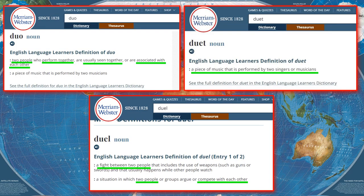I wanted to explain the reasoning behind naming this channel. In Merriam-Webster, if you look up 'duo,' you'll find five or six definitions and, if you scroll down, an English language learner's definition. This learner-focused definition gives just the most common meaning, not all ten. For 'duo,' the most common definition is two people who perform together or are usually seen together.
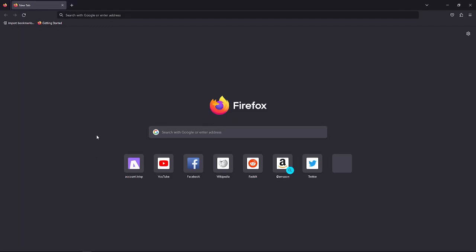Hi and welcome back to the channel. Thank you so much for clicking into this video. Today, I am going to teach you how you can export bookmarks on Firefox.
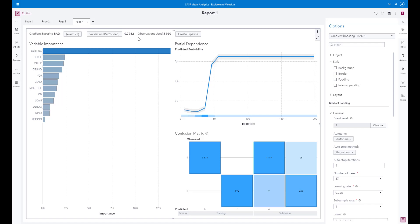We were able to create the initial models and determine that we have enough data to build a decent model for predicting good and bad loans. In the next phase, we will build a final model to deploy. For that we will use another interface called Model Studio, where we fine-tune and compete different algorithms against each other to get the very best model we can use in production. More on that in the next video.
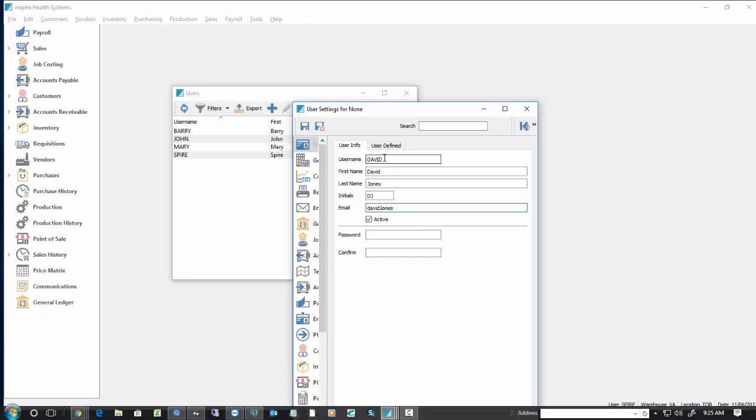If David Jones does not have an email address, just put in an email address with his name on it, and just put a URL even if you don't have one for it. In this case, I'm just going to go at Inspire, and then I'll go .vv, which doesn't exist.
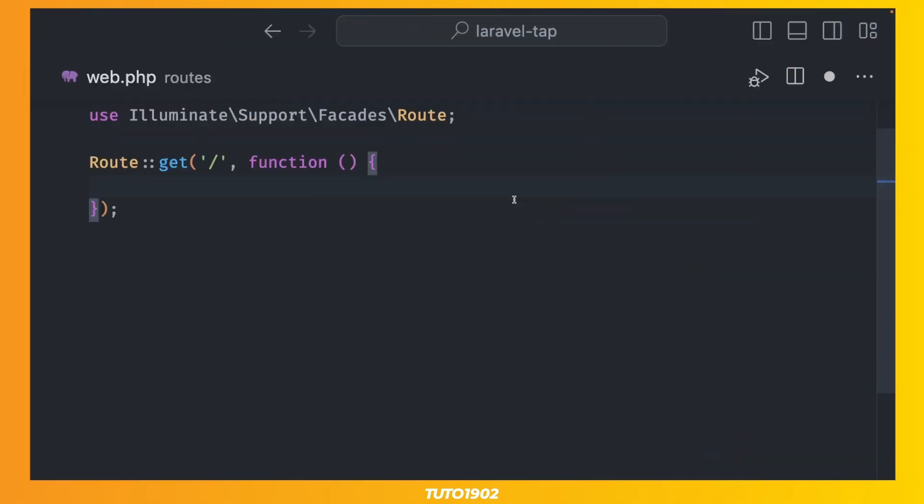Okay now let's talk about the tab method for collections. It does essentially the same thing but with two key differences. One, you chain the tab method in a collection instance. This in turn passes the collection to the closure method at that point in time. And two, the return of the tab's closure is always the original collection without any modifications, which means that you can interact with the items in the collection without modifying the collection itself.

....

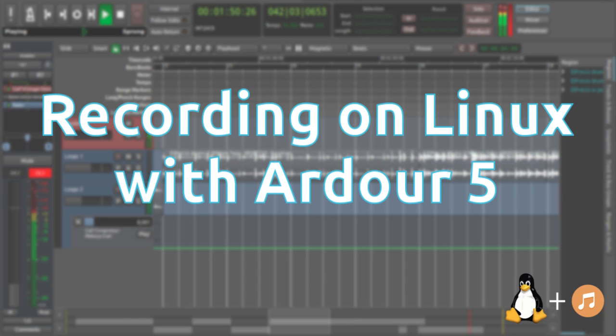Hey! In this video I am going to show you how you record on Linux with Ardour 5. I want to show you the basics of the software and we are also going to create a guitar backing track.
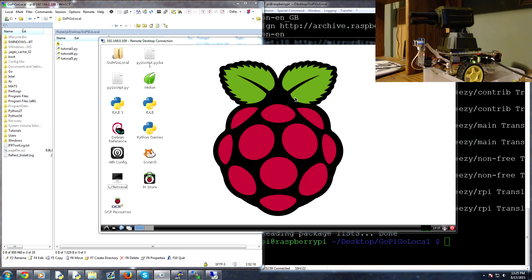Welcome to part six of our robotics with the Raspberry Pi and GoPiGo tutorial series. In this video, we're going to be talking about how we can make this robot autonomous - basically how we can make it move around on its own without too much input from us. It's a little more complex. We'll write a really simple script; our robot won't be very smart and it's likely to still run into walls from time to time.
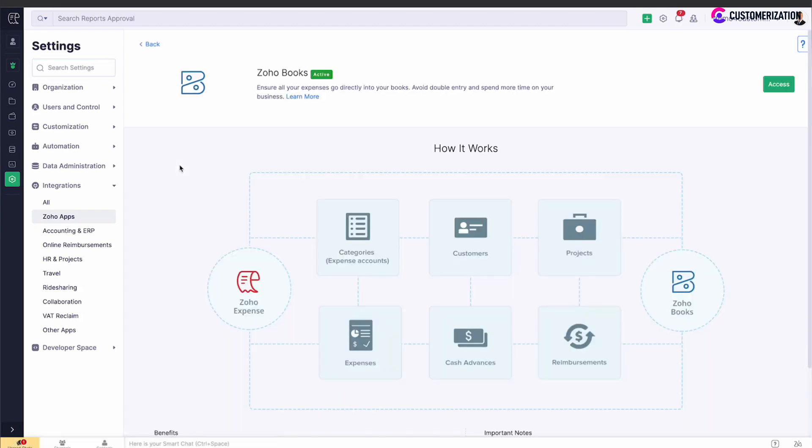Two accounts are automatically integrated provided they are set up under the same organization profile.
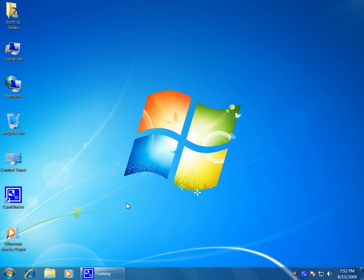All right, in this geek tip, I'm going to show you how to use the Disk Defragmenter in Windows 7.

....

● **What you need to do**: Working from the entries above, reproduce exactly and only the lines beginning with the line that has "If David Jones" and ending with the line that has "Okay now let's"; omit all pictures.

● **Solution to the exercise**:
If David Jones does not have an email address, just put in an email address with his name on it, and just put a URL even if you don't have one for it. In this case, I'm just going to go at Inspire, and then I'll go .vv, which doesn't exist.
Okay now let's talk about the tab method for collections. It does essentially the same thing but with two key differences. One, you chain the tab method in a collection instance. This in turn passes the collection to the closure method at that point in time. And two, the return of the tab's closure is always the original collection without any modifications, which means that you can interact with the items in the collection without modifying the collection itself.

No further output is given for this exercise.